Say What? Has Political Correctness Gone Too Far?

Has political correctness gone too far? Are supervisors going mute for fear of saying anything offensive? Have politically correct extremists become as narrow-minded and judgmental as the religious extremists and bigots and racists they themselves condemn?

I could not help asking myself this question last December when a visiting African asked me why it is considered offensive in the United States to wish someone a Merry Christmas. He could not fathom why this expression of good will was condemned by so many Americans and why the words Happy Holidays were considered a more appropriate greeting. We had a long talk about America as a melting pot and about Christians, Jews, Muslims, and atheists living side by side, but he still found the censure of “Merry Christmas” perplexing. As he put it, “It would not offend me if a Jewish person wished me a Happy Chaunkah.”

Derogatory, racist, misogynistic terms, without question, have no place in the workforce. However, with language forever evolving, it’s sometimes difficult for people to keep up with which terms they should and should not use. Once upon a time, Negro was an acceptable designation for an American of African descent. Later that term was considered derogatory and people were told to use the word Black instead. That word, in turn, has become offensive to some and has since been replaced by African American.

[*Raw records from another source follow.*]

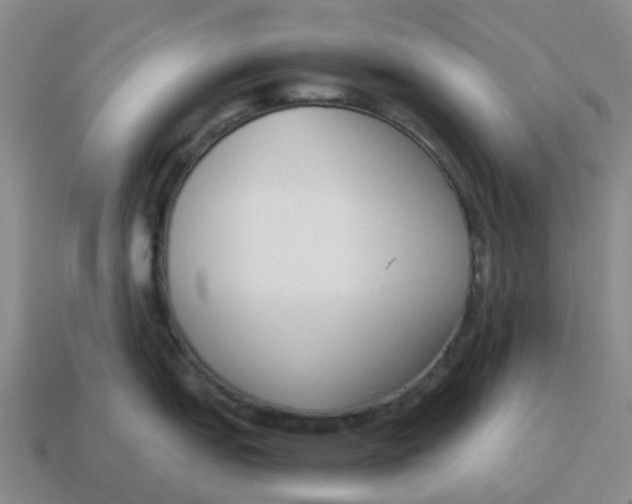 X0000114501151200911091104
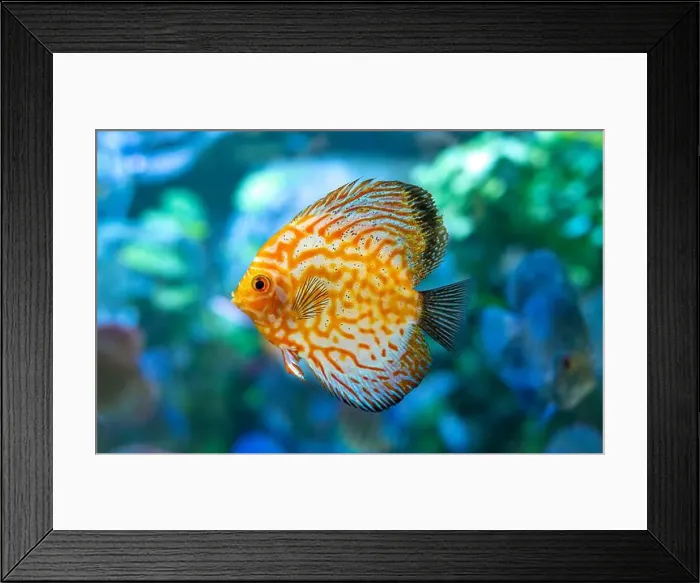 Framed Print : Yellow Symphysodon (known as discus or discus fish) swimming in aquarium Framed Print : Yellow Symphysodon (known as discus or discus fish) swimming in aquarium
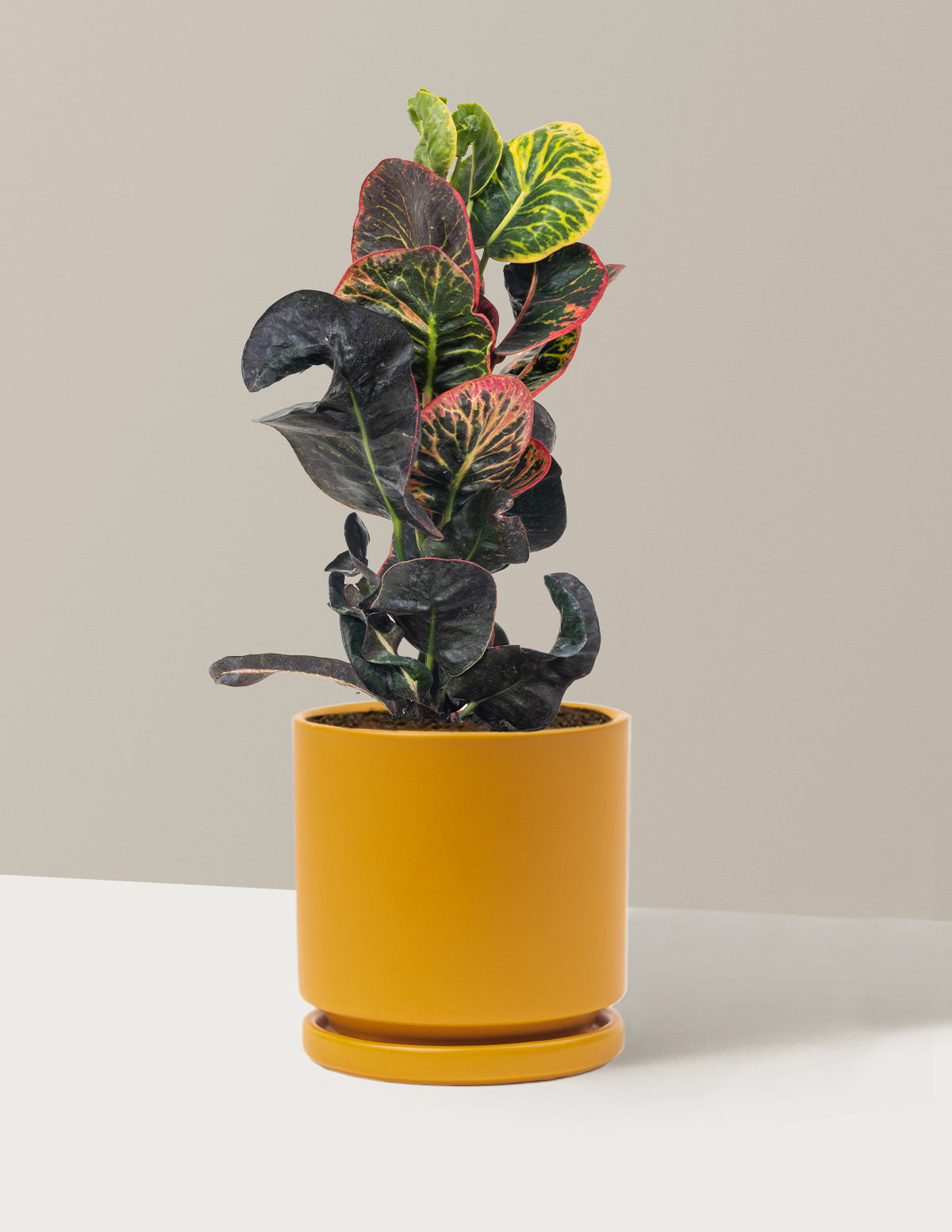 Croton Nectarine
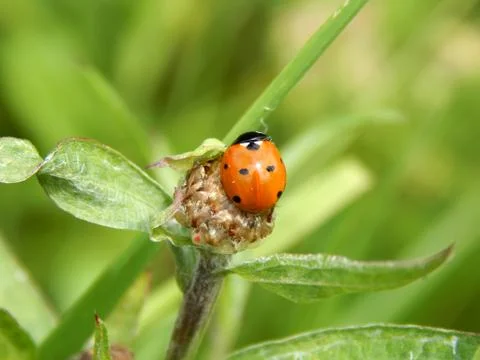 Ladybug in the wild close up Stock Photos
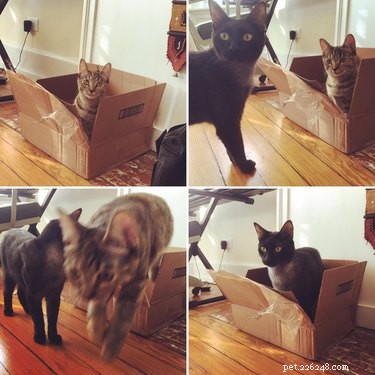 20 Adorable Pets That Will Brighten Your Day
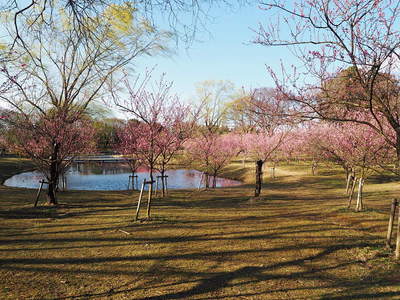 古河公方公園の梅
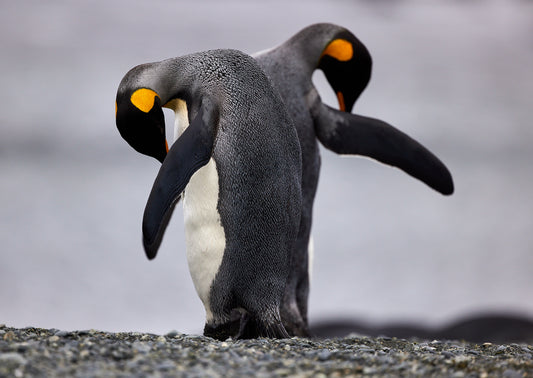 Duplicity - King Penguins, Macquarie Island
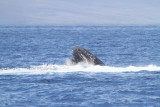 Maui 2010_03052010_251.jpg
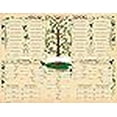 thumbnail image 3 of Affiche de Tableau d'Arbre Généalogique (Lot de 2), 3 of 3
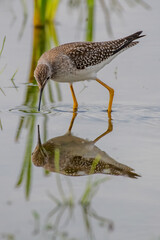 greater yellowlegs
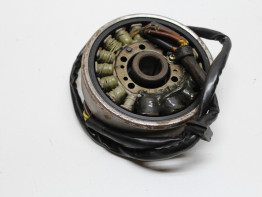 Dynamo Suzuki RG 500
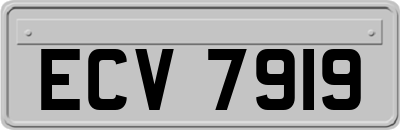 ECV7919
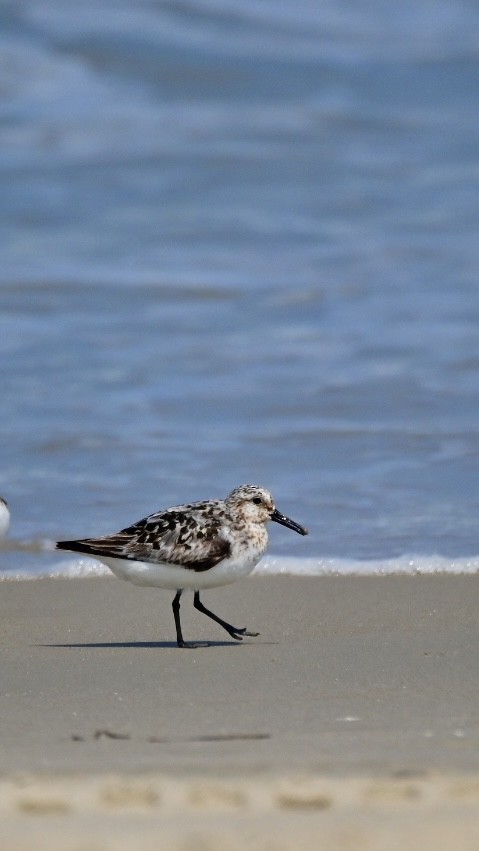 Sanderling - ML622086687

In some circles, the mere mention of God is considered offensive lest there be an atheist present.

In her February 2010 online article “Oops! What to Do When an Employee Says the Wrong Thing,” Rebecca Hastings talks about one of Human Resources’ latest responsibilities: coaching management on how to avoid the use of terms employees may find offensive and which might be grounds for costly lawsuits.
At the same time, Hastings acknowledges the difficulty of educating managers in the correct use of terminology when the connotations of certain words change from one day to the next. She quotes Communications Consultant Tim O’Brien’s statement that “people with disabilities currently abhor words like crippled, handicapped, mute, infirm, special and challenged.”

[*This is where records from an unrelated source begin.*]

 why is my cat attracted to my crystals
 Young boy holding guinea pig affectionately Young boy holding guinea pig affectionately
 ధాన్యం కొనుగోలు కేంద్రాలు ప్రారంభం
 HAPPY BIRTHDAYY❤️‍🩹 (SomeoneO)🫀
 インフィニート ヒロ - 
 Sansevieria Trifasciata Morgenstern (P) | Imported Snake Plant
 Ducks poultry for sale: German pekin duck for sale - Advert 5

Special and challenged are now considered offensive. What’s left?

This issue isn’t new. In her 2008 MC-SHRM online article, “The Paralysis of Political Correctness,” Valda Boyd Ford voiced her concern about how our country’s obsession with political correctness is causing an outright paralysis in the workplace. “Today, we are awash in workplace- or business-related incidents where a casual comment, remark or question can invoke profound misunderstandings and consequences. People have grown afraid to voice their opinions and communicate honestly.”

Ford went on to describe the challenges facing executives as they, “Spend weeks and months working on every detail, speech and announcement to avoid faux pas.”

The extremes to which political correctness is taken seem to vary from coast to coast. Out in Hollywood, live award show MC’s are being carefully vetted and sit-coms sanitized of any hint of political incorrectness. Meanwhile, another type of democracy is alive and well back east where programs like Thirty Rock and Saturday Night Live do not discriminate but make fun of everyone and everything regardless of creed, race, and ethnicity.

Surely all human resources professionals will agree that there is no place for hurtful, insulting, racist, or derogatory language in our workplaces, but how do we deal with the constantly shifting sand of language and with a culture that takes political correctness too far? If it is our responsibility to coach our executives and supervisors in acceptable language, how do we balance that with their need to be able to speak openly and with confidence to their workers? And how can we promote diversity in our workforce and recognize of the inherent value of our employees’ different religious, ethnic, and national backgrounds if we’re expected to tiptoe around any and all references to Christmas and Chanukah and Cinco de Mayo and Ramadan and all the wonderful cultural contributions our workers’ varied different backgrounds have to offer?